Support Questions

Find answers, ask questions, and share your expertise

libhdfs missing

avatar

I'm currently using Hortonworks 3.0.0.0-1634 (installed ~ 2 weeks ago). The system itself is great, but I can't seem to get libhdfs loaded into pyarrow. Which makes ingestion difficult.

The libhdfs0 package is installed on the systems, but when I try to actually find the .so file, it is a broken link:

root@use1-hadoop-5:~/compact# ls -larth /usr/hdp/3.0.0.0-1634/usr/lib/
total 8.0K
lrwxrwxrwx 1 root root   16 Jul 12 21:06 libhdfs.so -> libhdfs.so.0.0.0
drwxr-xr-x 4 root root 4.0K Sep 21 19:00 ..
drwxr-xr-x 2 root root 4.0K Sep 21 19:01 .
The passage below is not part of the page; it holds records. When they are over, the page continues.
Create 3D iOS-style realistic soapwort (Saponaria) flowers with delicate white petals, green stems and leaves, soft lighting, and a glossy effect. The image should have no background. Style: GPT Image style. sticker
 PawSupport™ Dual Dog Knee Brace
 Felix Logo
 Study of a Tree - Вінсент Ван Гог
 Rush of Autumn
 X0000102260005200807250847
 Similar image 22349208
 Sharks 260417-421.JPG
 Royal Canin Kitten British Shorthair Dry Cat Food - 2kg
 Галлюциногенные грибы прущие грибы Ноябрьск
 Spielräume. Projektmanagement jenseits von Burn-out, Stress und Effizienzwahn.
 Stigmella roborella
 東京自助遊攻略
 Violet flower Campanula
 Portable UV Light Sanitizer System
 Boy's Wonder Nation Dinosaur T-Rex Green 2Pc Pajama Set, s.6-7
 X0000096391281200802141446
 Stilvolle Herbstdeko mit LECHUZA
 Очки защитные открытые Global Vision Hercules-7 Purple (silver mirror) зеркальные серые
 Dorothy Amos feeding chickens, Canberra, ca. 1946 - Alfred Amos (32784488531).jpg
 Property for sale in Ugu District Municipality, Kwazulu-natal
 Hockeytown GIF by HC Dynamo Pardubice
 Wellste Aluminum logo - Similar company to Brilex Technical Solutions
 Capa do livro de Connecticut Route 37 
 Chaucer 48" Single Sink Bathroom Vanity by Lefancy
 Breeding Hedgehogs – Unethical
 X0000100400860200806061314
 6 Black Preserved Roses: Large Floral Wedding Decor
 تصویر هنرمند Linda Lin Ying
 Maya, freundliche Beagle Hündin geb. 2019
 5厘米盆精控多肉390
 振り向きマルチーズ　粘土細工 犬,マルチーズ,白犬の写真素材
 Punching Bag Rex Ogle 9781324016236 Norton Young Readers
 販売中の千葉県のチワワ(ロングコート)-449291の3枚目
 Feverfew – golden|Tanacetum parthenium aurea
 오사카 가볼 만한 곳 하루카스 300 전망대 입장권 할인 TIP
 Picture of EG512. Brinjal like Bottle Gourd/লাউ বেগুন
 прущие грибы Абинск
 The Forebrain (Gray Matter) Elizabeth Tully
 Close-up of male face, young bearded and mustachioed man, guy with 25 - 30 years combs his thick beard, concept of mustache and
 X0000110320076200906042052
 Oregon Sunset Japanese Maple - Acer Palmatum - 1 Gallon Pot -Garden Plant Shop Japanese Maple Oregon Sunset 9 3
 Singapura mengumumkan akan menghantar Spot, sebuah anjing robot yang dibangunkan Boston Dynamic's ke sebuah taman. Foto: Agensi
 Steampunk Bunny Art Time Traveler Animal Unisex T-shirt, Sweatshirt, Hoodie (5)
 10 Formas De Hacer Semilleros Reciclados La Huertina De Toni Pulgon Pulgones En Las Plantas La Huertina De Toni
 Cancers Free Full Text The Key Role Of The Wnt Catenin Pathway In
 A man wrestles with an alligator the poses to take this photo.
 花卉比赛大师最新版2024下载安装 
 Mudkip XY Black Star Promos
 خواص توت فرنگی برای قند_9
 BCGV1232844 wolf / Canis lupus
Am I missing something here?

Example failure:

root@use1-hadoop-5:~/compact# python3 
Python 3.5.2 (default, Nov 23 2017, 16:37:01) 
[GCC 5.4.0 20160609] on linux
Type "help", "copyright", "credits" or "license" for more information.
>>> import os
>>> os.environ["HADOOP_HOME"] = "/usr/hdp/current/hadoop-client"
>>> os.environ["JAVA_HOME"] = "/usr/jdk64/jdk1.8.0_112/"
>>> import subprocess
>>> classpath = subprocess.Popen(["/usr/hdp/current/hadoop-client/bin/hdfs", "classpath", "--glob"], stdout=subprocess.PIPE).communicate()[0]
>>> os.environ["CLASSPATH"] = classpath.decode("utf-8")
>>> import pyarrow as pa
>>> fs = pa.hdfs.connect("use1-hadoop-namenode-1.datto.lan", 50070, user="hdfs")
Traceback (most recent call last):
  File "<stdin>", line 1, in <module>
  File "/usr/local/lib/python3.5/dist-packages/pyarrow/hdfs.py", line 183, in connect
    extra_conf=extra_conf)
  File "/usr/local/lib/python3.5/dist-packages/pyarrow/hdfs.py", line 37, in __init__
    self._connect(host, port, user, kerb_ticket, driver, extra_conf)
  File "pyarrow/io-hdfs.pxi", line 89, in pyarrow.lib.HadoopFileSystem._connect
  File "pyarrow/error.pxi", line 83, in pyarrow.lib.check_status
pyarrow.lib.ArrowIOError: Unable to load libhdfs

10 REPLIES 10

avatar
New Contributor

On my version (6.3.3) 
It is found not in CDH/lib/hadoop/lib where it gets looked for, but out in 

 CDH/lib64 for some reason.

A symlink from hadoop/native out to lib64 would solve it.
cloudera/parcels/CDH/lib64/libhdfs.so